Understanding UQGrid's indexing scheme is essential when extending device models, wiring custom diagnostics, or coupling external solvers. This page summarizes how external identifiers are mapped into contiguous internal vectors and how the global state is organized.

Bus renumbering

  • RAW files supply external bus numbers (e.g., 101, 325, …). During parsing, each bus is wrapped in a Bus object.
  • The Bus constructor assigns a zero-based sequential identifier (Bus.i) via an internal counter. These internal IDs are used everywhere else in the code base, guaranteeing a dense range [0, nbuses-1].
  • Device records (loads, generators, shunts) store the internal bus index so that the algebraic network equations and the device residuals align with the same voltage slots in the global vectors.
External bus → Internal index
       101 → 0
       102 → 1
       325 → 2
       ...

Keep the original number around (Bus.id) if you need to report results using utility naming conventions.

Global vector layout

After all devices are added, Psystem tracks:

  • num_dof_dif: total differential degrees of freedom (ndif).
  • num_dof_alg: total algebraic degrees of freedom (nalg).
  • num_pars: total parameter entries (npar).

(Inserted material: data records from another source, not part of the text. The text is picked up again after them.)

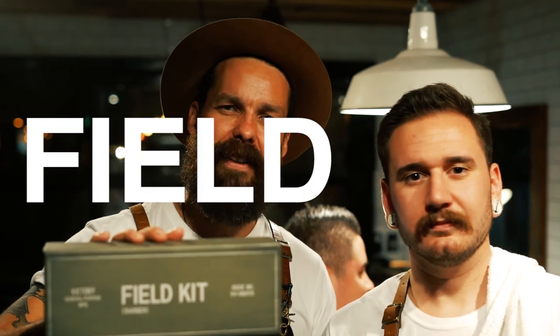Another great big busy night at St. Frank's — rave reviews for the Victory Barber Brand field kit.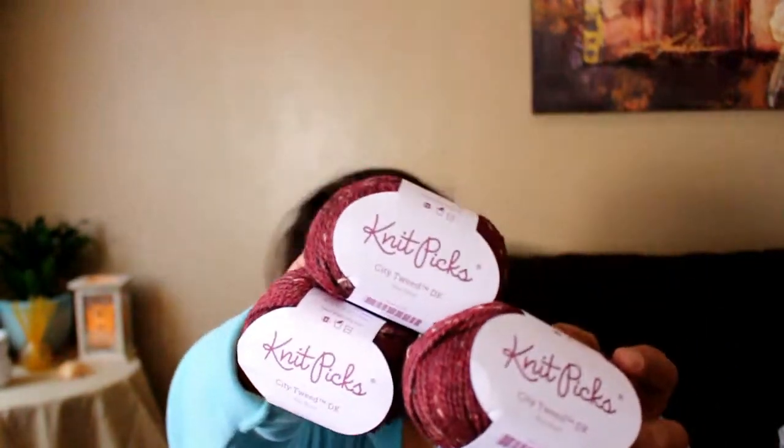Isn't that super cute? Anyway, check out Knit Picks and see what kind of goodies you can find there. If you are into the fiber arts, it's a really great website. I hope you enjoyed this unboxing — if you did, give me a thumbs up and subscribe for more videos. Till next time, stay creative, bye guys!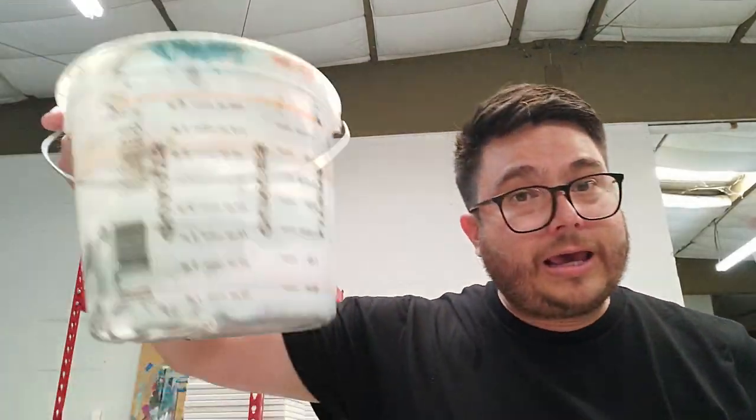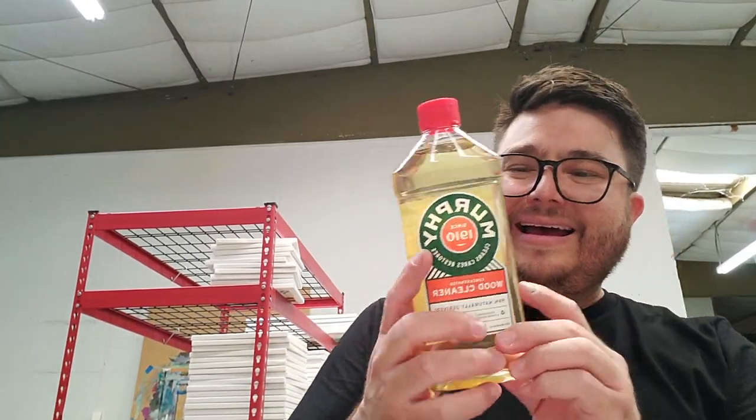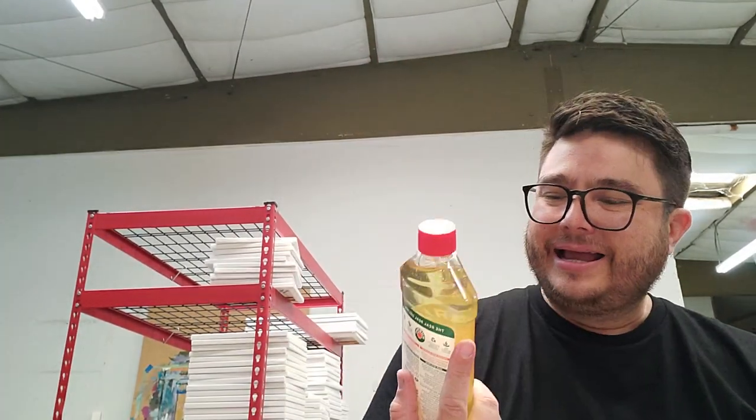Here's a little tip about how to clean them. Get a container, put your brushes in there, and get this magic formula — get some Murphy's soap, just pour it in there, leave it in there for a day or two, and your brushes will be clean.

During integration the coupled vector z is split as:

z = [ x | y | v ]
        ↑     ↑
        ndif  ndif + nalg
  • x = z[:ndif] – dynamic states.
  • y = z[ndif:ndif+nalg] – device algebraic variables.
  • v = z[ndif+nalg:] – network voltages (length 2 * nbuses).

Power-flow injections occupy the tail of the residual vector using the same ordering, which is why bus indices are doubled when working with rectangular components.

Device pointers

Every dynamic device derives from DeviceModel. When Psystem.add_device is called, the model receives pointers into the global vectors:

Attribute Meaning
dif_ptr Offset of the device's differential block within x.
alg_ptr Offset of the device's algebraic block within y.
par_ptr Offset of the device's parameters within the theta vector.
ndev Sequential device number (useful for diagnostics).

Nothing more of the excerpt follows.